Captioned web image data ▸
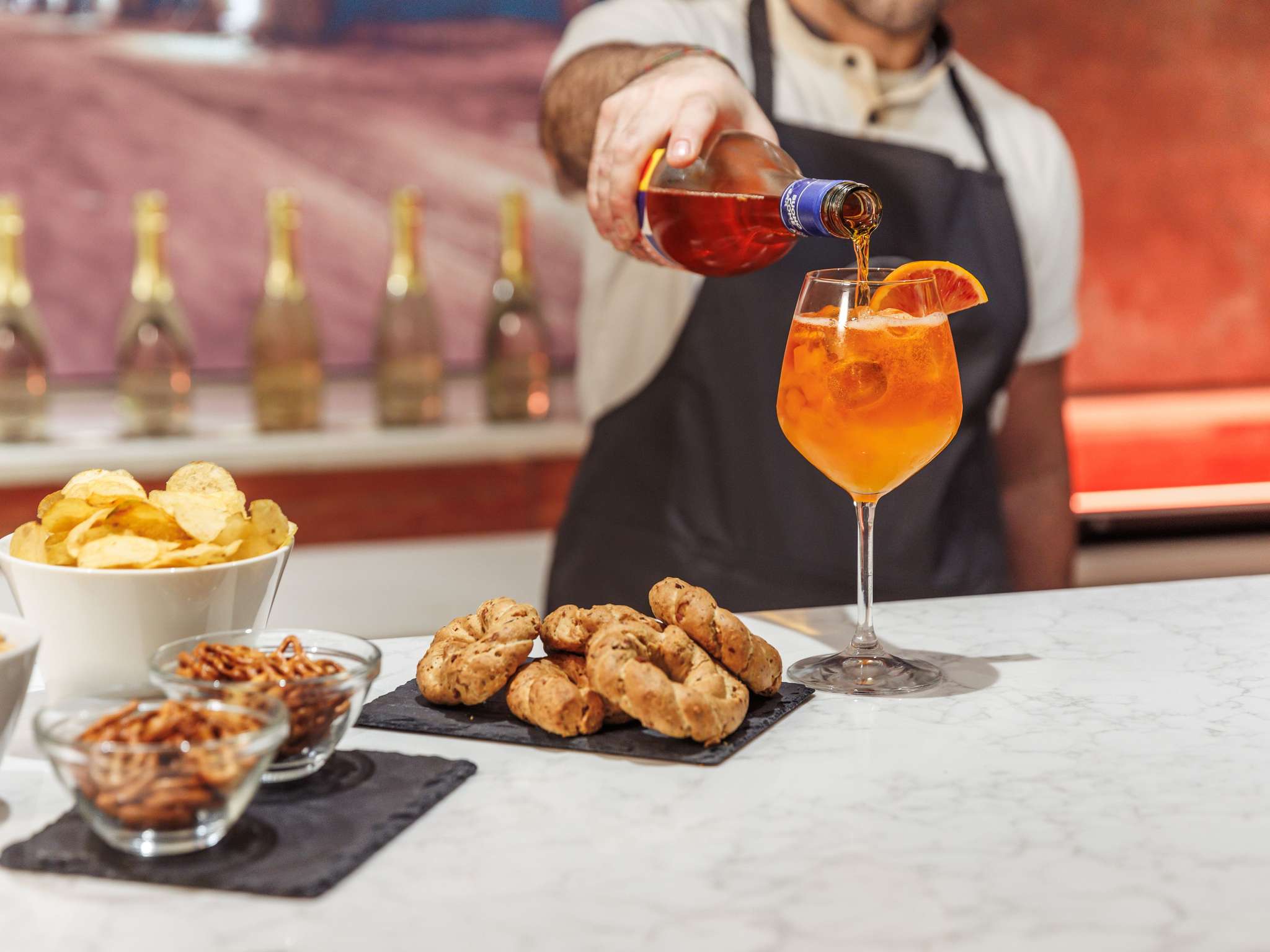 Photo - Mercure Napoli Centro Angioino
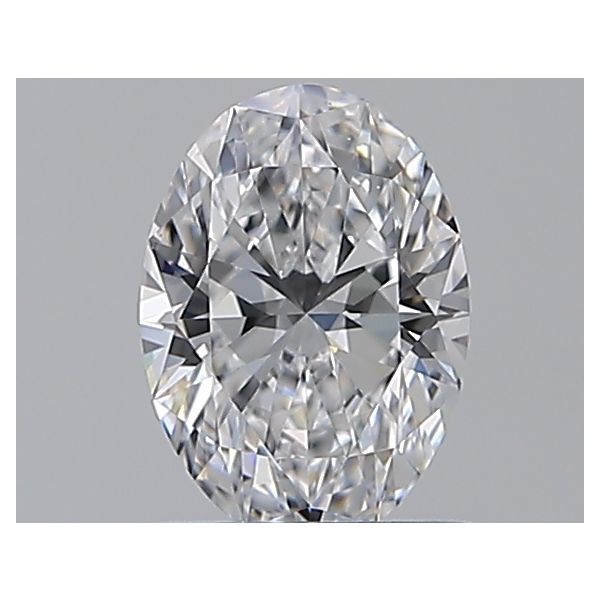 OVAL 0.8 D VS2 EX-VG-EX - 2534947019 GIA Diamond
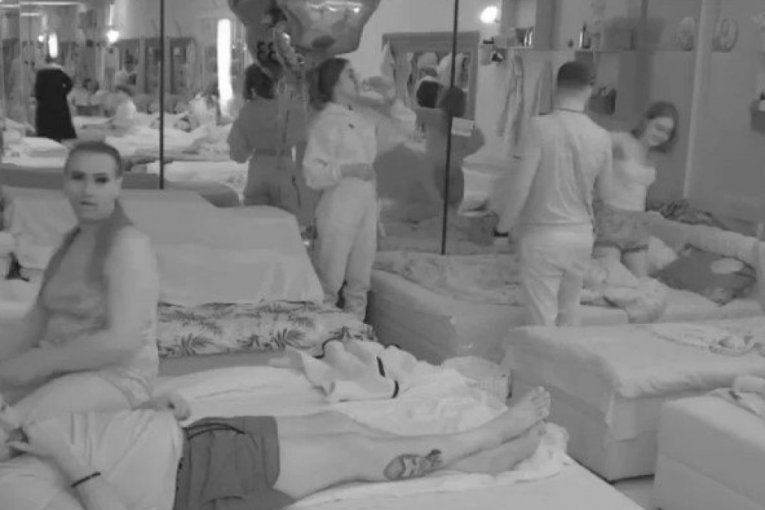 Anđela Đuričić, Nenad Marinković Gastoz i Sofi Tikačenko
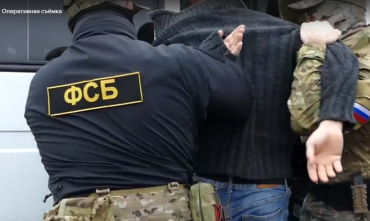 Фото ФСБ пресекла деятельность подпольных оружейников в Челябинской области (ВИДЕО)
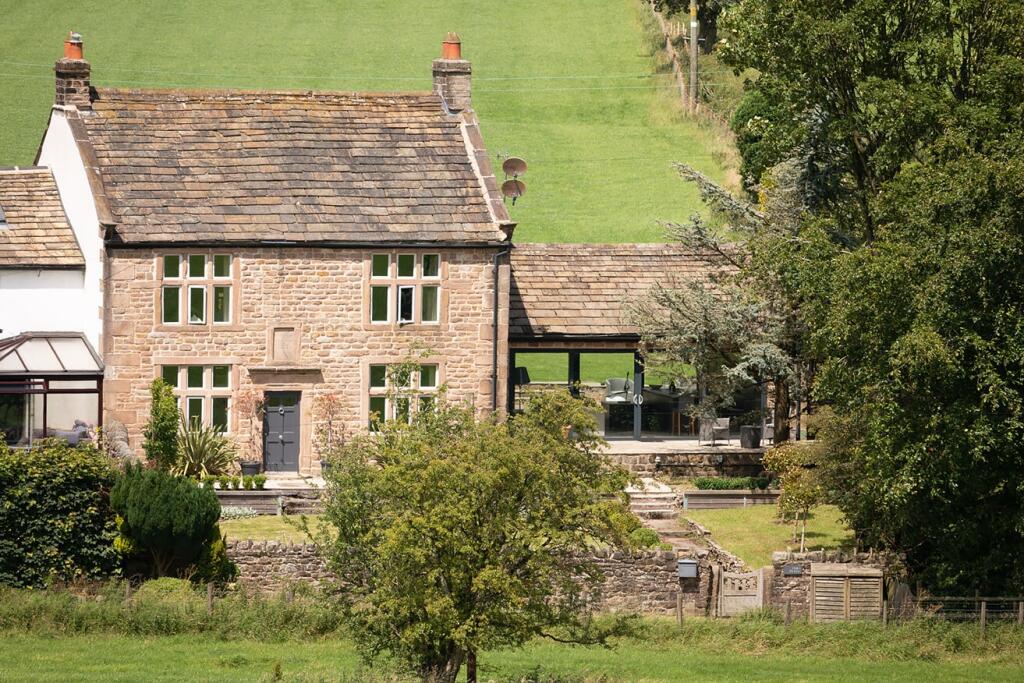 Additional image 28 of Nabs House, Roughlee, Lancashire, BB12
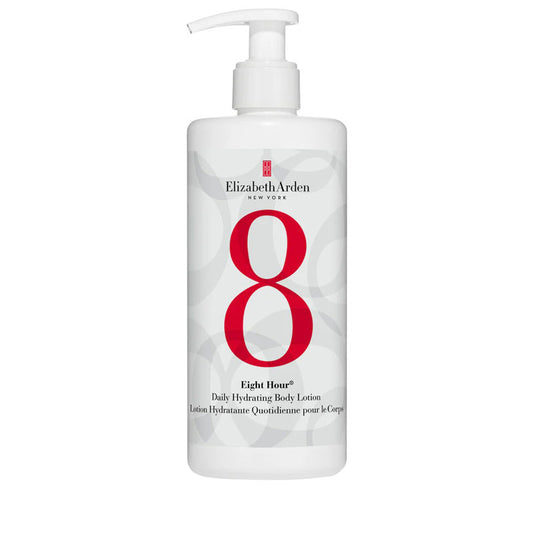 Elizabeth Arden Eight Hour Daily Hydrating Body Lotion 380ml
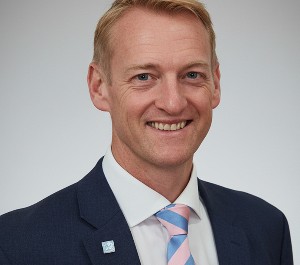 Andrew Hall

Task brief ▸ The lines from the one that contains "OVAL 0.8 D VS2" through the end of the data, repeated exactly and with no pictures, make up the whole answer.

Task output ▸
 OVAL 0.8 D VS2 EX-VG-EX - 2534947019 GIA Diamond
 Anđela Đuričić, Nenad Marinković Gastoz i Sofi Tikačenko
 Фото ФСБ пресекла деятельность подпольных оружейников в Челябинской области (ВИДЕО)
 Additional image 28 of Nabs House, Roughlee, Lancashire, BB12
 Elizabeth Arden Eight Hour Daily Hydrating Body Lotion 380ml
 Andrew Hall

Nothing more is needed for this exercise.